Darksaber, did you test any off these kits with an AMD platform also???

Edit - Also, unless I missed it, I did not see at what command rate you tested the timings and frequencies at.

Thanks


----------



## Sinzia (Feb 17, 2011)

ugh, now if they can only have it in another colour other than that red... It would stick out too much on the big bang xpower


----------



## Darksaber (Feb 17, 2011)

Sinzia said:


> ugh, now if they can only have it in another colour other than that red... It would stick out too much on the big bang xpower



There are blue and black kits out there 

cheers
DS


----------



## Hayder_Master (Feb 17, 2011)

nice work draksaber, so is this rams optimize with sandy bridge too, can do same clocks u reach with p67 system or i should go with new Ripjaws-x series.


----------



## Darksaber (Feb 17, 2011)

hayder.master said:


> nice work draksaber, so is this rams optimize with sandy bridge too, can do same clocks u reach with p67 system or i should go with new Ripjaws-x series.



I have a RipjawX kit right here and they have very similar specs. So my educated guess would be that they handle equally well. We are waiting for the new, fixed boards to hit the channel to buy one for our updated testing rig. Then I can tell you more.


----------



## Hayder_Master (Feb 17, 2011)

Darksaber said:


> I have a RipjawX kit right here and they have very similar specs. So my educated guess would be that they handle equally well. We are waiting for the new, fixed boards to hit the channel to buy one for our updated testing rig. Then I can tell you more.



thanx a lot and i will wait your replay,


----------



## Super XP (Feb 17, 2011)

This looks like good RAM for the upcoming AMD Bulldozer. It seems 8GB should hit the spot very nice.


----------



## ronbot (Feb 21, 2011)

Good review. I got this RAM last week for 100CAD at a local NCIX store. Actually have the x version, but not sure what the difference is. 

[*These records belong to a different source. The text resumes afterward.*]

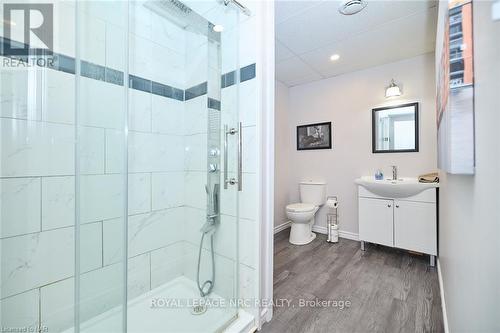 93 Willson Rd, Welland, ON - Indoor Photo Showing Bathroom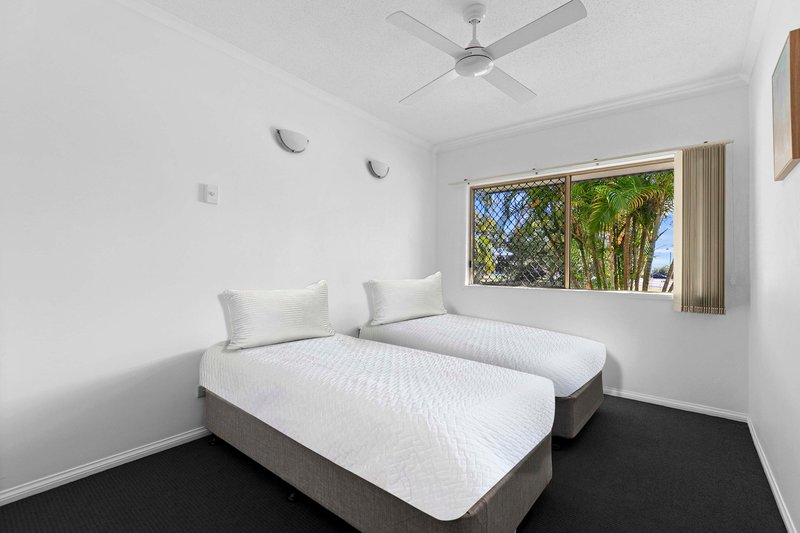 Photo - 1/3 Beach Road, Pialba QLD 4655 - Image 8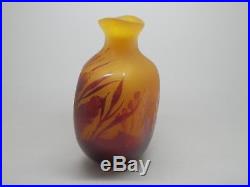 Emile Gallé, petit vase étiré en verre multicouches dégagé à l'acide H 14 cm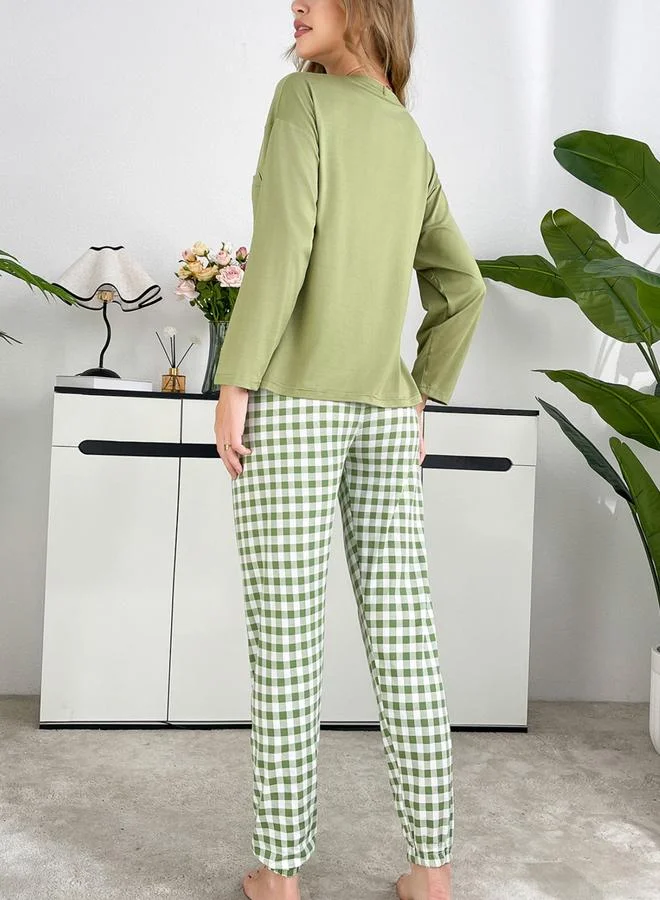 Take Two Take Two Green Plain T-Shirt and Checked Pyjama Set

I have it on a P7P55D-E with i5 750 mildly overclocked to 3.4GHz. I'm quite please with it so far and haven't even overclocked the RAM yet. I guess I'll try to reach Darksaber's numbers.


----------



## rnldrc22 (Apr 11, 2011)

I'm running my Ripjaws at 1.65v, is it ok for a 24/7 use? I had to increase the voltages to be able to overclock my cpu or else the memory would fail when running windows.


----------



## blu3flannel (Apr 11, 2011)

rnldrc22 said:


> I'm running my Ripjaws at 1.65v, is it ok for a 24/7 use? I had to increase the voltages to be able to overclock my cpu or else the memory would fail when running windows.



I'm running my Ripjaws at 2000MHz CL 9 at 1.65v, it should be fine.


----------



## rnldrc22 (Apr 11, 2011)

blu3flannel said:


> I'm running my Ripjaws at 2000MHz CL 9 at 1.65v, it should be fine.



How did you manage that? I was able to further decrease my CAS to 8-8-6-19 at 1.65v, but no way i can up it to 1866 mhz or 2000 mhz (( (I'm running 4 modules.)


----------



## blu3flannel (Apr 13, 2011)

rnldrc22 said:


> How did you manage that? I was able to further decrease my CAS to 8-8-6-19 at 1.65v, but no way i can up it to 1866 mhz or 2000 mhz (( (I'm running 4 modules.)



I have them at 9-10-9-27 at 1.65v. I'm running only 2 sticks so that's probably why.


----------



## jonathan1107 (Jan 13, 2012)

Hey guys, I've read the review, but with my setup, I've never been able to do better than this:

1600mhz 9-9-9-24 1.55v
or 
2000mhz 9-11-9-27 1.6v

According to the review, I should be able to reach 1600mhz with these timings: 7-7-7-21 with just 1.5v, but I've not been able to lower the timings any lower 9-9-9-24 (no matter the voltage I put in)... weird...

Any advice ?


----------



## adrian07ch (Jan 22, 2012)

I can't even get 1866 MHz at 1.65 V with my RipjawzX at same specs. I don't know how you got over 2000 in this review


----------



## AsRock (Jan 22, 2012)

Gotta keep in mind these are changing all the time too.. I have some here and been very happy with them and labled as F3-12800CL9-4GBXL.

The JEDEC table is set different too.








Nice review btw, and got mine for $60 of egg months ago. But i did notice that the 2x2GB set i have in this system as well has the same part number except the 2GB part of course.


----------



## jonathan1107 (Jan 22, 2012)

Well... The Techpowerup review seems to say that 2000mhz is achievable easily with these sticks... and I got them to 2000mhz with these timings: 9 11 9 27... but I have no clue about how on earth the guy in the review got it to 2000mhz with 9 9 9 24 timings... impressive...


----------